Setembro de 1758: D. José I retornava incógnito para o Palácio da Ajuda, quando foi ferido numa emboscada. O atentado foi mantido em segredo por meses; rumores circulavam por Lisboa; agitava-se a correspondência diplomática. Dizia-se que o rei voltava de visita à Marquesa de Távora, sua amante — cujos parentes, indignados pela ofensa moral, planejaram o ataque. Outra a versão oficial: o autor do crime teria sido o Duque de Aveiro, junto de outros fidalgos e sob orientação dos jesuítas. O obscuro processo transcorreu com rapidez: em janeiro de 1759, executavam-se os Távoras, seus filhos, o Duque e seus criados, com inaudita violência. O mais notável: assim se eliminariam alguns dos adversários mais poderosos do rei e do Marquês de Pombal, seu ministro.
No Antigo Regime, a mancha do crime se espalhava pelo sangue. Mesmo sem acusações formais, o 2° Marquês de Alorna foi encarcerado: era casado com uma das filhas da Marquesa executada. Privadas da tutela masculina, sua esposa e suas filhas foram enviadas para um convento, como um equivalente da prisão. Só em 1777, morto o rei, a família seria libertada. A filha mais velha, Leonor de Almeida, tinha então 26 anos, 18 dos quais passara no convento; nesse longo e árduo período, revelara um raro talento poético.
Copiosamente anotado, o indispensável volume de Sonetos editado por Vanda Anastácio reúne uma preciosa amostra da poesia de Leonor, a 4ª Marquesa de Alorna — resgatando ainda poemas inéditos, expurgados por editores que, por interesses familiares, tencionavam forjar da Marquesa um perfil isento de envolvimentos políticos, ou adequado a modelos femininos de modéstia e recato. Valioso é também o texto introdutório, que esclarece passagens biográficas obscuras — graças a documentos que Vanda, professora da Universidade de Lisboa, vem compulsando ao longo de uma vasta pesquisa.
Se Leonor dizia escrever “para passar e adoçar instantes” que “acontecimentos penosos enchiam de amargura”, seus poemas logo despertariam o interesse dos contemporâneos — inclusive de vultos como Filinto Elísio, que supostamente lhe concederia o nome literário Alcipe; e Frei Alexandre da Sagrada Família, tio e iniciador literário de Garrett. Mesmo na clausura, Leonor com eles estabeleceria contatos, destacando-se ainda como improvisadora em outeiros. Embora orientada pelo pai a escrever de modo “apropriado” a uma donzela (evitando, por exemplo, o uso da mitologia, perigosa para a moral), cedo Alcipe demonstraria um temperamento independente, elegendo seus motivos e modelos.

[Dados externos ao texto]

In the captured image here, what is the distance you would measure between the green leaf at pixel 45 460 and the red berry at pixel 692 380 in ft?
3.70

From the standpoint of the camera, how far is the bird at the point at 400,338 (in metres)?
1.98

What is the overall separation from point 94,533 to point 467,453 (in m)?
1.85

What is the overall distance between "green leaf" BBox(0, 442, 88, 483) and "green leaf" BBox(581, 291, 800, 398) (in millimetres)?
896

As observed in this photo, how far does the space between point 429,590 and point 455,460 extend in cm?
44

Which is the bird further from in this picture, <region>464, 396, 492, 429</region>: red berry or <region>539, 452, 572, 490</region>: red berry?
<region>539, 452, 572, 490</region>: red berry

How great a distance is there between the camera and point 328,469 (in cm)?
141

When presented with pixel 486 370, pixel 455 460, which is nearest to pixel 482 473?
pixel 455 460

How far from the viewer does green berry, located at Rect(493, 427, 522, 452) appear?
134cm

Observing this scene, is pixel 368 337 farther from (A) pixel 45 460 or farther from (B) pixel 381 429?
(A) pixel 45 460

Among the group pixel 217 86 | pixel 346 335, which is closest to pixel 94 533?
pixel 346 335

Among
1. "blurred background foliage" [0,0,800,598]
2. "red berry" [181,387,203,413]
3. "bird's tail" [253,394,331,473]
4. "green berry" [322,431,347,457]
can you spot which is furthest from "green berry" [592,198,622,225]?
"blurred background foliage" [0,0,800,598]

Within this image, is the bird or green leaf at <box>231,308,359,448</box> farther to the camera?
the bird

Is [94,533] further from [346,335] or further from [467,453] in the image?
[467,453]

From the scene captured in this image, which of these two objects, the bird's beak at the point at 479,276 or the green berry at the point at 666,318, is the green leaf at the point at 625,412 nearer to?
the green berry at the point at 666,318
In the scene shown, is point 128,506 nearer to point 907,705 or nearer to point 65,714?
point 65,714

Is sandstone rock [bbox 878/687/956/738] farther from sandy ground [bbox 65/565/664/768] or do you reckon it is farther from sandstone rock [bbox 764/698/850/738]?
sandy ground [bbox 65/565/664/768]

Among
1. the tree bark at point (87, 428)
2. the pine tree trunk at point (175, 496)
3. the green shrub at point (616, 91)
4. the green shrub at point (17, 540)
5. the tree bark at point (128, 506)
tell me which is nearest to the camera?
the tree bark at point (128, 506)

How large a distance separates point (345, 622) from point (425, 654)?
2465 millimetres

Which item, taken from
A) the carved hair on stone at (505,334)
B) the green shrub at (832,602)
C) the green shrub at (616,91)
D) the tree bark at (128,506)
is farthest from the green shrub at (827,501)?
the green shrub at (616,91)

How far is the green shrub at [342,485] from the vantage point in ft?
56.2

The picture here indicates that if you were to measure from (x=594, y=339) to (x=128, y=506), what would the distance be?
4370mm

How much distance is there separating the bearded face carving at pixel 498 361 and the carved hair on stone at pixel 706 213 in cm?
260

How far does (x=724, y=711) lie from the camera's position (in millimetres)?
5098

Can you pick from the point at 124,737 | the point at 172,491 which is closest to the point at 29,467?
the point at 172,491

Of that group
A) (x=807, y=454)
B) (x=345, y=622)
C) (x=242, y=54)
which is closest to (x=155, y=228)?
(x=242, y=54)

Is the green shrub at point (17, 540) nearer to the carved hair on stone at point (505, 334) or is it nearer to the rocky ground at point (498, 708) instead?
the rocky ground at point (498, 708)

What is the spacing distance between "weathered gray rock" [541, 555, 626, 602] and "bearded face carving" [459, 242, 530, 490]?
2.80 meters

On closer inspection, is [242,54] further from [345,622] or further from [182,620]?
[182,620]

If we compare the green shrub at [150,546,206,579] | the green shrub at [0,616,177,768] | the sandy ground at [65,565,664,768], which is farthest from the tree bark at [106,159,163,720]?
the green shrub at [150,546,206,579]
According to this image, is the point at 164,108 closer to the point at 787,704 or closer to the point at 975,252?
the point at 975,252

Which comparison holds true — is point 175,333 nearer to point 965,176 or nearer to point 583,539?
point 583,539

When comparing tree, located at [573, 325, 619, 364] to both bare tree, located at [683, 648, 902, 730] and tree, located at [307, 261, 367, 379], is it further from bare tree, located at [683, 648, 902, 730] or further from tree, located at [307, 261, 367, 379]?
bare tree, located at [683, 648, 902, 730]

Mas a independência de Leonor ultrapassaria o campo literário. Contrariando a vontade paterna, desposaria o Conde de Oyenhausen; por problemas políticos que o envolviam, teria de acompanhá-lo a Viena, deixando a filha com os pais que sequer responderiam às suas cartas (só voltariam a fazê-lo quando Leonor lhes enviasse um auto-retrato, com o sugestivo título “Solidão”). Viúva, atuaria na resistência às forças napoleônicas. Já idosa, a Marquesa, que sempre incentivara os talentos literários (não à toa, Bocage lhe dedicou o terceiro tomo das Rimas), receberia em casa jovens escritores — entre eles, Castilho e Herculano. Este, já após a morte da Marquesa, escreveria um texto em que a apodaria “mulher extraordinária”; alcunha que, ainda hoje, parece-lhe adequada.
No que tange à poesia, ressalta a mestria com que Alcipe tematiza os estados subjetivos, figurados numa imagética de espantosa força lírica. Se usa freqüentemente da mitologia, não o faz por capricho; submete-a à necessidade poética, chegando a inventar uma deusa (a Melancolia) para rogar-lhe, em soneto composto ainda na clausura: “Atende, ó Ninfa, o rogo que te faço,/ Não demores mais tempo o doce instante,/ Os dias tristes, que eu tão triste passo”. Usualmente qualificada como “pré-romântica”, a poesia de Leonor não raro ultrapassa as fronteiras epocais — sobretudo no que tange a estes sonetos, que tantas vezes dizem as dores dos homens (e das mulheres) de todos os tempos.